Z ust osób zarządzających wielkimi spółkami w Polsce, często można usłyszeć stwierdzenie, że wyrośli na produkcji tego, czym nie chciał zajmować się Zachód. Firmy wdrażały strategicznie zaplanowany plan produkcji, który umożliwiał wybicie się ponad konkurencję, dzięki terminowemu dostarczeniu wyrobu gotowego spoza katalogu. Taki produkt zapewniał identyczne parametry jak „standard”, jednak przy zachowaniu rozsądnej ceny.
Często kluczem do takiej elastyczności było zatrudnianie dużej ilości pracowników generujących relatywnie niskie koszty. Pracodawcy mogli zatrudnić trzech lub nawet czterech pracowników za równowartość tego, co zarabiał jeden pracownik za naszą zachodnią granicą. Dzięki temu, nad jednym, niestandardowym zleceniem mogło pracować kilkakrotnie więcej osób niż u konkurencji, zachowując tą samą cenę. Nie bez znaczenia oczywiście jest też nasza wrodzona zdolność do improwizacji i szukania prostych rozwiązań, te jednak stanowiły wówczas tylko kropkę nad „i” a nie fundament.
Komu jest potrzebny konfigurator produktu ERP?
Dzisiaj jednak zasady gry trochę się zmieniają. Rynek wymusza na producentach coraz większą elastyczność. Klienci pragną otrzymywać produkt indywidualny, nowoczesny, spersonalizowany. Bardzo dobrze widać to w branży dóbr konsumpcyjnych. Dzisiaj nie wystarczy być firmą produkującą i wypuszczającą smartfony na rynek. Aby utrzymać się w branży, należy raz w roku wypuszczać nową linię modelową, która być może niewiele różni się od poprzednika, ale ma wyższy numerek i atrakcyjny wyróżnik, którym można się pochwalić. Podobnie rzecz ma się z produkcją samochodów. Na początku historii przemysłu Henry Ford powiedział, że jego auto może mieć dowolny kolor, byleby był to czarny. Wynikało to z prostego założenia o ograniczeniu linii produkcyjnej jako takiej. Dawało to szansę szybkiej produkcji, choć oczywiście z konsekwencją powtarzalności.
Jeszcze kilka lat temu producenci aut dawali klientom wybór spośród kilku barw nadwozia i kilku zestawów wyposażenia. Dzisiaj, korzystając z konfiguratorów, jesteśmy w stanie dobrać w zasadzie każdy element z osobna: auto z klimatyzacją, ale bez radia? Nie ma problemu. Samochód ze skórą i nawigacją, ale bez elektrycznych szyb? Oczywiście, klient nasz Pan.
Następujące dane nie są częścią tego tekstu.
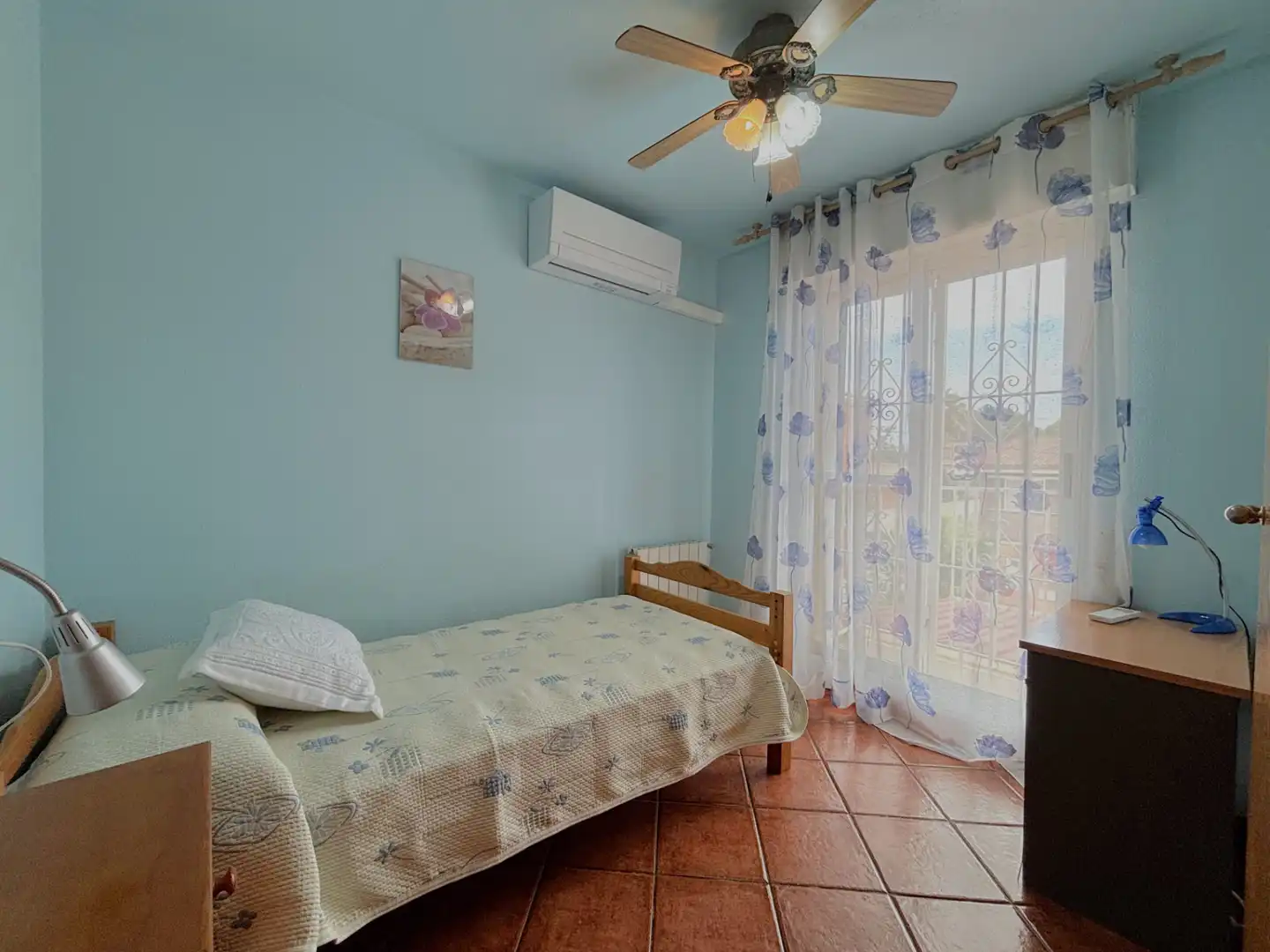Detached homes for sale in Carrer Zarauz, El Grao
Jak widać, w zasadzie cały świat przyzwyczaja się do myśli, że indywidualizacja produktu jest kluczem do sukcesu, a droga do jego osiągnięcia niekoniecznie wiedzie przez wykorzystanie taniej siły roboczej.
Jednak czy taki model działania można zastosować w przypadku bardziej wyrafinowanej produkcji? Czy istnieje możliwość zindywidualizowania produktu w ramach pewnej standardowej grupy cech? Czy można to zrobić bez zwiększania kosztów jednostkowych, a nawet je obniżając? Odpowiedź na te pytania brzmi: tak!
Rozwiązywanie problemów z wykorzystaniem konfiguratora produktów
Jeden z naszych klientów: producent zabudów skrzyniowych, poprosił nas o rozwiązanie problemu. Od jakiegoś czasu jego klienci coraz częściej prosili o pewne modyfikacje standardowych zabudów. Oczywiście każdorazowo niezbędna była interwencja konstruktora. Niezależnie od tego czy klient chciał przesunąć drzwi, czy zastosować inną windę, konstruktor musiał stworzyć nowy model, wykonać niezbędne obliczenia, a następnie udostępnić nowe dane osobom wprowadzającym je do systemu ERP. W kolejnym kroku niezbędną kontrolę wykonać musiał technolog, który w zależności od nowych wymagań – albo uruchamiał produkcję, albo szukał sposobu na realizację „kaprysu” klienta, którego nie da się wykonać korzystając z aktualnego parku maszyn. Średnio, od momentu otrzymania wytycznych przez konstruktora, do momentu, w którym dokumentacja była zdatna do użycia, na produkcji mijało kilka dni pracy. Potrzebne było rozwiązanie, które skróciłoby do maksimum termin dostarczania produktu gotowego.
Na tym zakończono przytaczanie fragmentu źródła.